His patented idea, FishED, is one of five finalists for the annual Carroll Biz Challenge, a “Shark Tank”-style business competition, now in its eighth year, powered by the Carroll County Chamber of Commerce. The live finale is planned for Thursday, when the businesses will pitch to a panel of judges as they compete for $5,000 in funds, plus business startup prizes worth thousands more.
FishED stands for “Fish Escape Diversion,” and Wagner said the main idea is that “it’s helping the environment, while meeting the human need.”
But what are the fish escaping from? Wagner is designing for large-scale water intakes from hydroelectric dams to reservoir intakes that provide water drinking to agricultural use.
Water rushes into the intake at high speeds, often bringing fish and other marine life with it. The idea of FishED is to slow down the speed of the water so these creatures can make their way out and give them an escape hatch. In traditional intake devices, there isn’t a secondary opening built-in, Wagner said.

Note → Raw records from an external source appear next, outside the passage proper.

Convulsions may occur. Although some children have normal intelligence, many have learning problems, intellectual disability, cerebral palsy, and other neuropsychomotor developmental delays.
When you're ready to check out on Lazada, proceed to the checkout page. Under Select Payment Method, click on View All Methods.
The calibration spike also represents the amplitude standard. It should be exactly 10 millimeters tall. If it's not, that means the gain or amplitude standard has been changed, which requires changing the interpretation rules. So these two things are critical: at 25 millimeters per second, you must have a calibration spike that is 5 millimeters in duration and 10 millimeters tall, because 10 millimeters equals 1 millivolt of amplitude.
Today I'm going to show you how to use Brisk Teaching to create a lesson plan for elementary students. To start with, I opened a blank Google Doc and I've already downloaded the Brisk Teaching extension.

An analogy that he uses is the drain on the bottom of a pool. When you get close, you can’t feel it sucking in water because it has been designed so that children will not get trapped against it underwater.
“And it’s engineered so that hydraulics and water keep it functioning in the way that we want it to function,” he added.

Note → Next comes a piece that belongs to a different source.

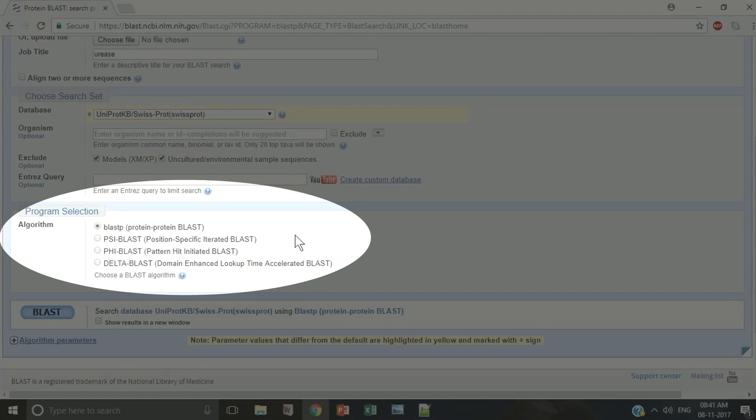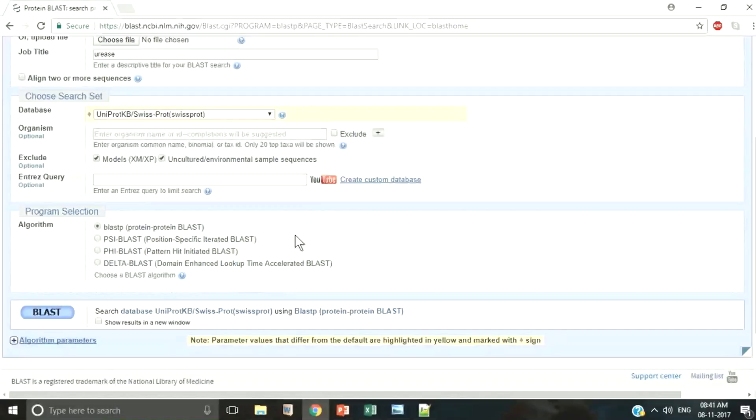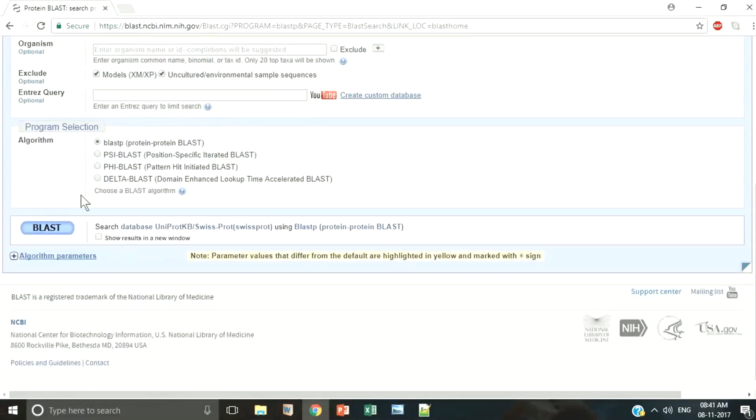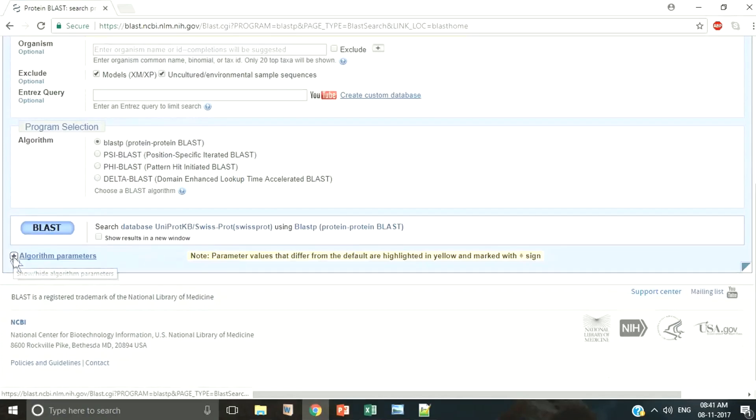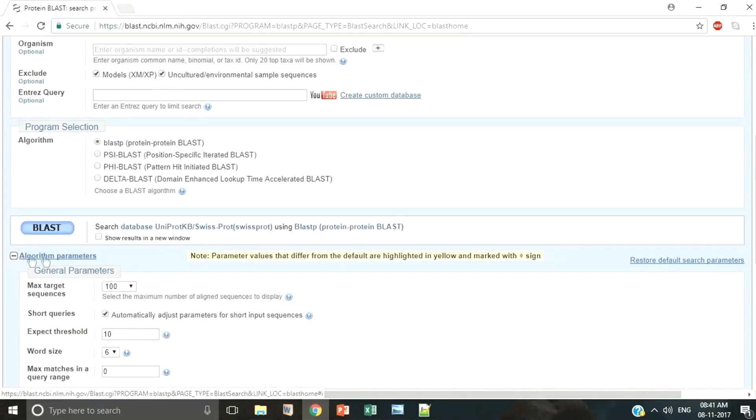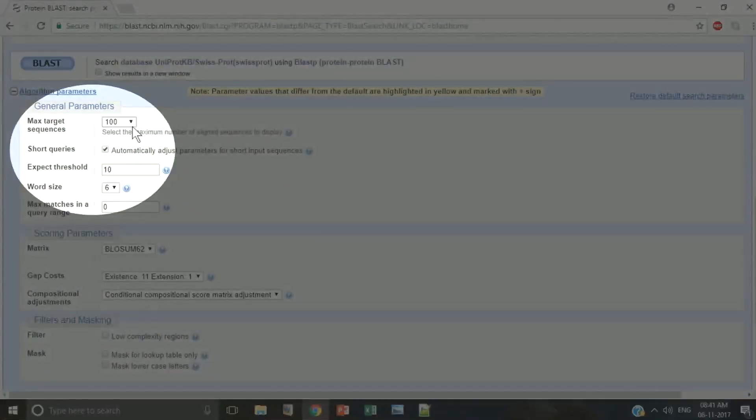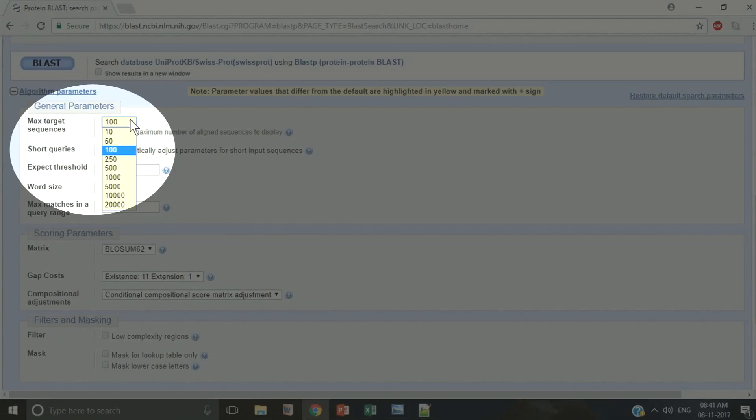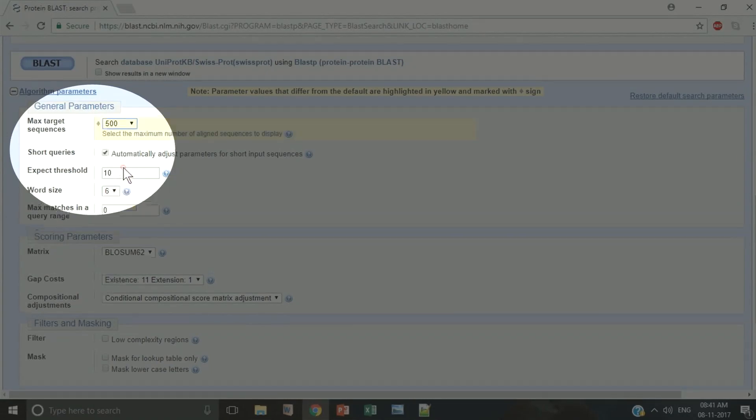You can find the link of this video in the video description below. For now let us choose any algorithm and proceed to choose the algorithm parameters. See here maximum target sequences is how many maximum possible BLAST hits you want.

That’s important because intake devices can have a big impact on marine life, even if they make it through alive and come out the other side.
Fish entrainment is when fish get transported out of their normal habitat with the flow of water. They end up in a new habitat where they can be an invasive species, overload the area’s resources or simply die because the conditions aren’t right.

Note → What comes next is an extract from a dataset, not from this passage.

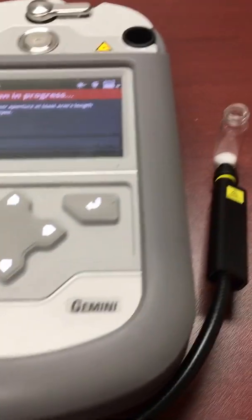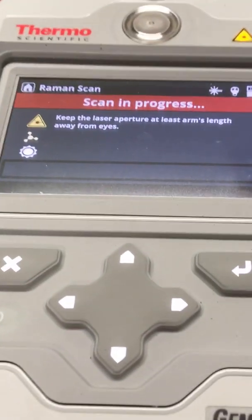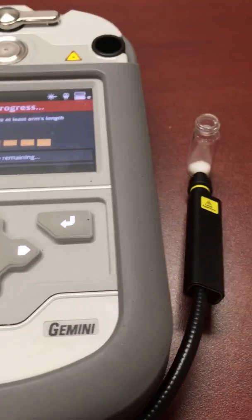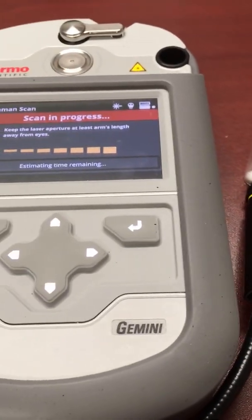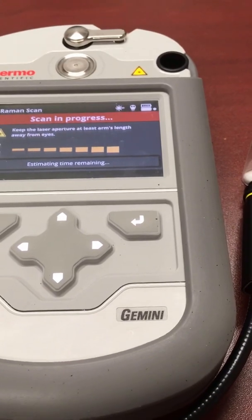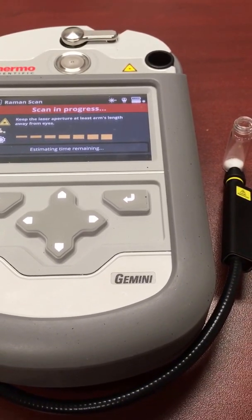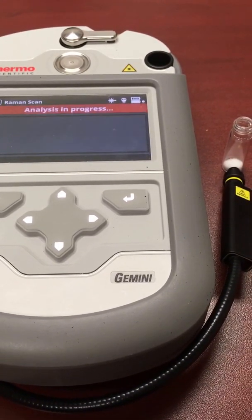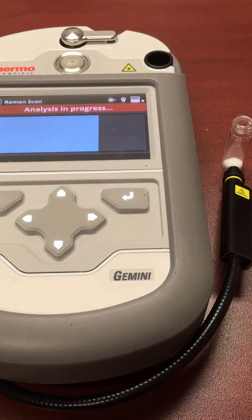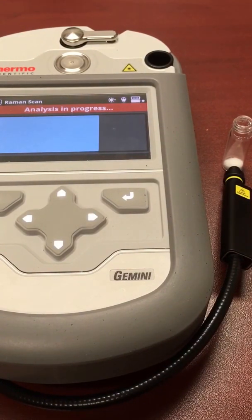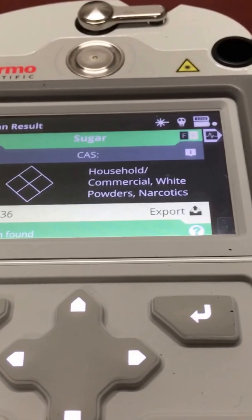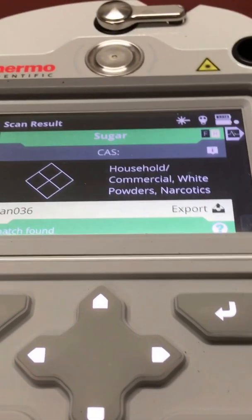Okay, so it's scanning. And the result shows that the substance is sugar.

“Even if they aren’t injured or die in physical contact with a diversion … they can just die because of thermal changes, temperature, changes in the water, things like that, in those other habitats. So the idea is to keep the fish and marine life in the body of water that they’re in, and not send them to another body of water,” he said.
FishED is under a provisional patent.
The idea for FIshED was a response to the Bureau of Reclamation’s prize contest where it seeks solutions from the community to engineering and innovation questions.
The bureau wrote in its call for submissions, “While there are exclusion methods for some fish species today, advancements are needed to improve the efficiency of those protections, protect a wider range and size of fish species, and reduce the cost of operating, maintaining and constructing conventional fish exclusion methods.”
Wagner said, “They throw it out to the public, and you may get somebody’s perspective that’s not already in that arena. I’m a civil engineer. I work on site development, stormwater management, drainage, water. This is on the fringe of that.”
“The principles are the same. Engineering is the same, it’s just a new idea, based on that problem.”
Wagner is a professional engineer who grew up in Pleasant Valley and now lives with his family near Taneytown. For him, thinking and innovating are a way of life in addition to a career.
“I’ve done so much stuff, from the fire department to search and rescue. I had a search rescue dog for almost 10 years … and just bounced around from idea to idea,” he said.
The deadline to enter the Biz Challenge came up while he was still waiting to hear back from the bureau contest, so he entered both, in the hopes of possibly securing funding to move his idea forward.
If FishED wins the Biz Challenge, the prize money will go toward additional patent work and prototype development. The additional prizes — like consultations and graphic design support — will go toward developing the business.
He is exploring three different options but hopes to reach a hybrid point where some standard versions of the devices can be licensed to manufacturers and mass-produced while retaining the ability to do custom designs.
“You can’t get rid of diversions. We need the water, so why not make them as safe and as easily maintained, as cost-efficient, safe for the habitat, safe for the fish [as we can]?” he said.